Biografia di Philippe Daverio raccontata da lui medesimo

Philippe Daverio, 69 anni, alsaziano di nascita e milanese di adozione, ha vissuto tante vite in una. Gli manca solo di andare nello spazio. Critico d’arte, saggista, autore-conduttore tv, animatore culturale, politico e instancabile viaggiatore. «Quello che mi piace di più? – fa eco alla domanda il professore seduto nel suo affascinante studio tra quadri, oggetti carichi di memoria, computer – quello che sto facendo ora, scrivere un libro a favore dell’Europa». Roba da niente, insomma. Sempre avventure di un certo peso; chissà che cosa si immaginava della sua vita quand’era giovane. «Inizialmente, quando ero francese, volevo fare il funzionario pubblico. Diventato italiano ho pensato che era corretto campare. Credo alla Provvidenza e che se uno dà retta al piano di sopra la strada gli viene indicata».
Nato in Francia, si considera un immigrato?
«No, eravamo degli europei di base. In casa si parlavano tre lingue e due dialetti; mio nonno fece il servizio militare a Berlino e il mio prozio a Parigi, mio nonno era italiano, insomma una famiglia Ue. Siamo venuti qui per una grossa operazione immobiliare a Varese fatta da mio padre».

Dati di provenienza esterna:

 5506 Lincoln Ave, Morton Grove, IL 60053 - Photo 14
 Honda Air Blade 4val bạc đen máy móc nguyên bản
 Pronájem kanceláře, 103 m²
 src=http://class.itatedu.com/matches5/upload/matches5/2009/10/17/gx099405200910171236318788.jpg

Che ricordi ha della sua educazione giovanile?
«Ho avuto una educazione ottocentesca in un collegio episcopale (mostra la foto, ndr). Ricordo ancora una severità assoluta. Alzarsi alle 5 del mattino, ritmo di vita durissimo, ogni giorno l’obbligo di giocare per mezz’ora a football. Penso ancora a quel pallone scuro e gelido, di cuoio, che quando ti colpiva portava via un pezzo di pelle. Ma quella scuola mi ha lasciato una formazione di base con la quale ho vissuto di rendita a lungo, una bella formazione per la crapa (testa in milanese, ndr). Nella provincia francese la borghesia veniva tutta formata lì, in quel luogo».
Può dipingere un ritratto di famiglia?
«Mio padre era piccolo e napoleonico come il suo nome, Napoleone appunto, molto grintoso e totalmente lumbard; parlava in alsaziano. Un suo prozio fece le Cinque Giornate di Milano. Come carattere ho preso da papà, ma forse di più dalla mamma, Aurelia, un colonnello molto umano e con una inclinazione a difendere il gusto».

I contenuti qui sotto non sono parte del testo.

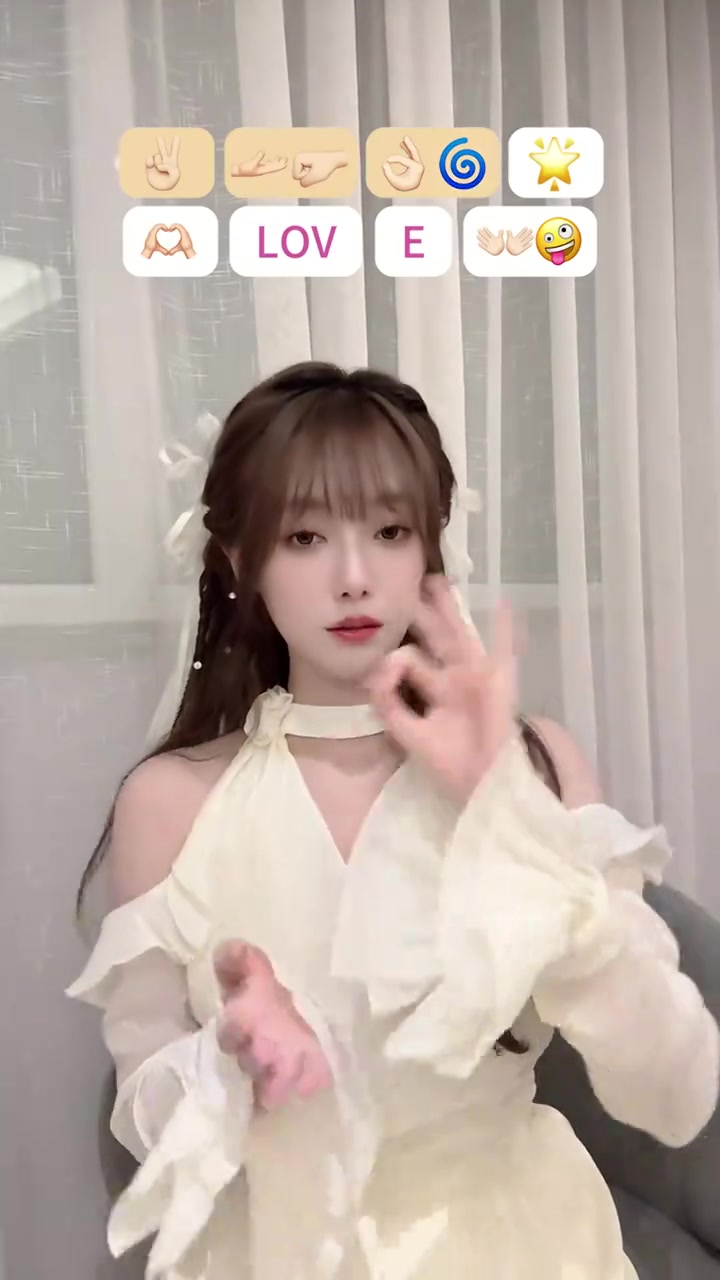 jinnianhui金年会主持小钰分享手势舞视频：把爱串成项链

Uno come lei non può non avere un po’ di sangue nobile, o no?
«C’è l’elenco dei milanesi doc del XII secolo e il nome Daverio è già lì. Perciò non ho fatto altro che andare alla radice, come un salmone che ritorna alla fonte. Sento di appartenere a Milano, e me lo dice la memoria dei cromosomi. Che mi suggerisce pure che appartengo al posto di mio nonno, Berlino».
Sembrerebbe che alle origini ci tiene proprio...
«Per evitare che questo discorso sull’appartenenza fosse una pazzia letteraria, ho chiesto a mio fratello, il meno letterato, Paul, che è uno dei più noti chirurghi plastici svizzeri. Gli ho domandato ma quando sei a Berlino come ti senti? e lui mi ha risposto: A casa. Insomma lo sa pure mio fratello che non ha letto la letteratura guglielmina».
Non solo la provenienza, nella vita contano pure scelte e bivi, ne vuole rivelare almeno uno?
«Beh, quando ho deciso di mollare gli studi. Non mi sono laureato all’università Bocconi. Mi ero rotto, non avevo più voglia di stare lì. Ero sessantottino, come me diversi miei amici anche loro sessantottini non si sono laureati. Ho dato l’ultimo esame, non la tesi. Ho deciso di fare altro nella vita».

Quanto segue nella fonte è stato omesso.